Ne dediğini bile anlayamazdık çoğu kez
Birde omzunda askısı ile yoğurt satan amcalar ve teyzelerimiz vardı
Görürdük her gün kendilerini, tanırdık tanışmasak da.
Nereden geldiklerini bilemezdik bunca satıcının mahallemize.
Çocuktuk;
Akşam hava kararınca bitmezdi günümüz
Kapanmazdı virane yapılarda çalışan bakkalımızın kepenkleri
Peynir, yoğurt kokardı bakkal önleri
Ama yürekleri temizdi , Yufkaydı bakkal amcaların.
Bilirlerdi yolu yoksulu ,
veresiye defterleri hep kabarıktı o yüzden
Çocuktuk; tek derdimiz oyun.
Aramazdı anne babalarımız hava kararınca.
Bilirlerdi onlarda mahallemizin oyun alanlarını.
Elleri ile koymuş gibi bulurlardı istediklerinde
Yoktu bir şeylerden korkumuz ,
akşamın karanlığı da gündüzdü o zamanlar
Sesimiz taaa evlerimize dolardı saklambaç ,kuka oyunları oynarken
Yokluk, yoksulluk usta yapmıştı bizleri.
Kendimiz yapardık oyuncaklarımızı ne bulursak
Telden arabalarımız, araba lastiklerinden çemberlerimiz olurdu.

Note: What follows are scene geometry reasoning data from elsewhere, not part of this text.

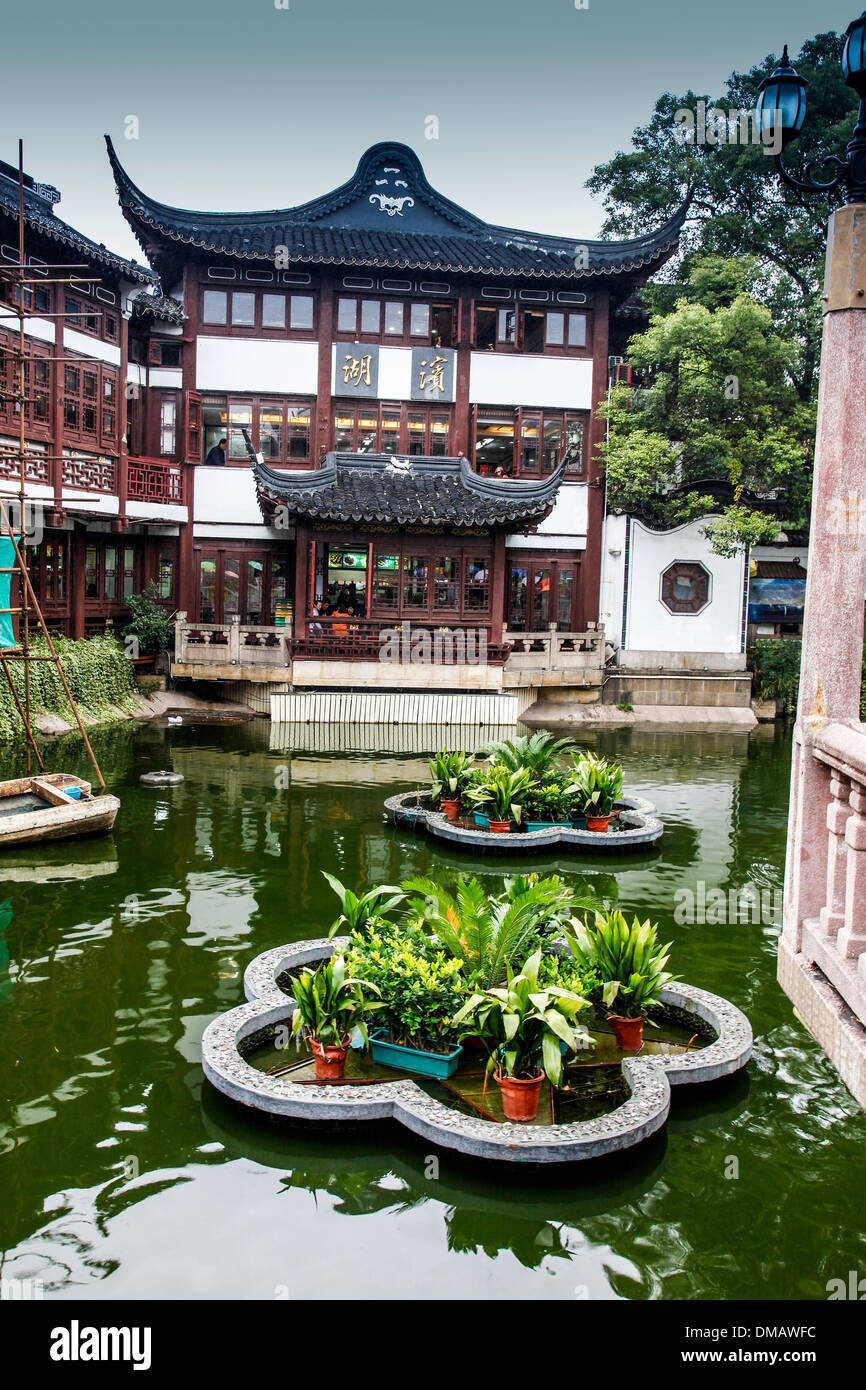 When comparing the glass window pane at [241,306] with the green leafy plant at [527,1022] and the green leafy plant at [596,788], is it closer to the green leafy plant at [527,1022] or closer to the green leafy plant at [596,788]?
the green leafy plant at [596,788]

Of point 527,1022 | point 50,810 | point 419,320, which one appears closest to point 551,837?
point 50,810

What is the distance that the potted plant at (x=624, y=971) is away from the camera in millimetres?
7262

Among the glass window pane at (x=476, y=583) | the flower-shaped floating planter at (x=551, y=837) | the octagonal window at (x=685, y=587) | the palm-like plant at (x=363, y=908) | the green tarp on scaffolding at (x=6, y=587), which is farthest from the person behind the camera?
the octagonal window at (x=685, y=587)

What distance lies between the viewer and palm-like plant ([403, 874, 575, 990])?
7164 mm

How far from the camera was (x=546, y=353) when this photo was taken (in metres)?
27.1

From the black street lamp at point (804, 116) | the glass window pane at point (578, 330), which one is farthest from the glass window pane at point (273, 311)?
the black street lamp at point (804, 116)

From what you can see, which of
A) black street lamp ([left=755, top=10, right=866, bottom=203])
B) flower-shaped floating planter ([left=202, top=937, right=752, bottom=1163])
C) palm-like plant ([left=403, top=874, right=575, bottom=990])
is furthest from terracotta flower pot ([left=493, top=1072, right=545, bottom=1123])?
black street lamp ([left=755, top=10, right=866, bottom=203])

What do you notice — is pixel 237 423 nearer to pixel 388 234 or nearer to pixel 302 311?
pixel 302 311

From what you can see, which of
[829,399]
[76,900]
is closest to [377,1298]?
[829,399]

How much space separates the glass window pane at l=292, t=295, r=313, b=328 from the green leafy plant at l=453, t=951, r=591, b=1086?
75.1ft

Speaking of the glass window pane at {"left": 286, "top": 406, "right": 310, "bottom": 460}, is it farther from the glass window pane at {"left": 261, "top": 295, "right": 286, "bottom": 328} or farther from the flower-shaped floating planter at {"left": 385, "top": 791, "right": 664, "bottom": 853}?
the flower-shaped floating planter at {"left": 385, "top": 791, "right": 664, "bottom": 853}

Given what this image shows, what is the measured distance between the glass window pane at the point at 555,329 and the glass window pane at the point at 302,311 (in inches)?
234

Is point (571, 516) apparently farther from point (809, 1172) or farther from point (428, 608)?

Nasıl yarışırdık en güzel uçurtmayı yapmak için
Ne büyük bir heyecandı emek verilerek yapılan uçurtmanın uçurulması
Sanki havalanan uçurtma değil, bizim mutluluğumuzdu.
Onunla birlikte biz de havalanır adeta bulutlar üzerinde gezerdik, umutlanırdık,mutlanırdık.
Bir başkaydı bizim çocukluğumuz,
Daha bir saf mı idik, daha bir temiz mi ne?
Kapıları kapanmazdı mahallemizdeki evlerin, kilitleri vurulmazdı hiç
Kapılar da ne ki , Gönülleri de zengindi komşuların
Birinde pişer mahallelinin hepsine düşerdi özel yapılanlar
Paylaşılırdı bir lokma ekmekte bulunduğunda,tıpkı acılar gibi
Oysa şimdi biz mi bozulduk yoksa dünya mı?
bir muamma
İçecekler girdi teneke kutulara ,
İnsanlar kapıldı kolay yoldan para kazanma hırsına
Umutlarını bağladı şans oyunlarına ,
unuttu emeğin tadını
Oyuncakları hiper marketlerde ,tekno marketlerde artık hepsinin
Her evde bulmak mümkün televizyonu, bilmem neyi ,
Yok artık eski Tele/safirlikler
Cirit attığımız sokaklarda yürünmez oldu otomobil enflasyonundan.
Sokak satıcılarımız da yok artık akşamları bizi korkutan
Onlarda çürümüş demek zaman denen çarkın dişlilerinde
Çocuk sesleri de kalmadı artık mahallelerde geç vakitler
O yüzden anneler hiç merak etmiyor çocuklarını
Çünkü hava kararınca çıkmıyorlar dışrı
Kilitler vurulmuş,
Tıpkı evleri gibi açılmayasıya gönüllere
Bizim zamanımızda bir başkaydı çocuk olmak
Bir başkaydı mahallelerde yaşamak,
Bir başkaydı insan olmak
ve birbaşkaydı o tadı almak.
Bir başkaydı, bir başkaydı ne bileyim!
Özledim şimdi.
06.02.2008
Cemil YILDIZ
5.0
100% (6)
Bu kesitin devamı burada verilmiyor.